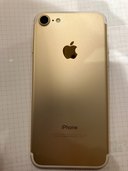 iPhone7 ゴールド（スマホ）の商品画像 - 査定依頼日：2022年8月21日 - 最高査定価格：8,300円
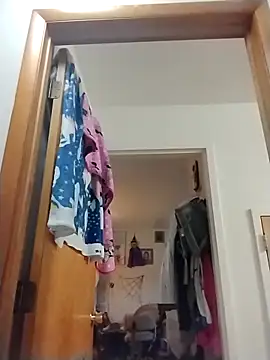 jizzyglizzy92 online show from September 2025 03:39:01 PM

* * *

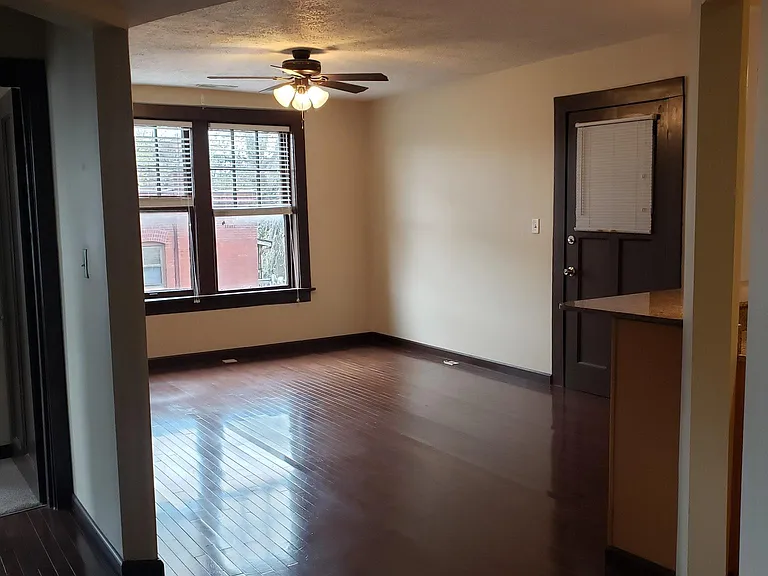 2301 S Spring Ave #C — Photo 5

...

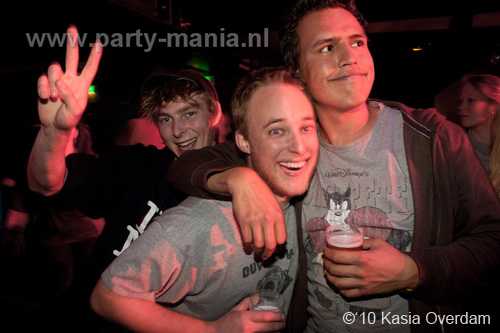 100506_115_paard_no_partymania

Description of the task:
Each line above from the one containing "iPhone7 ゴールド（スマホ）の商品画像 - 査定依頼日：2022年8月21日" through the one containing "jizzyglizzy92 online show" is to be returned verbatim. Nothing else, and no pictures.

Result:
 iPhone7 ゴールド（スマホ）の商品画像 - 査定依頼日：2022年8月21日 - 最高査定価格：8,300円
 jizzyglizzy92 online show from September 2025 03:39:01 PM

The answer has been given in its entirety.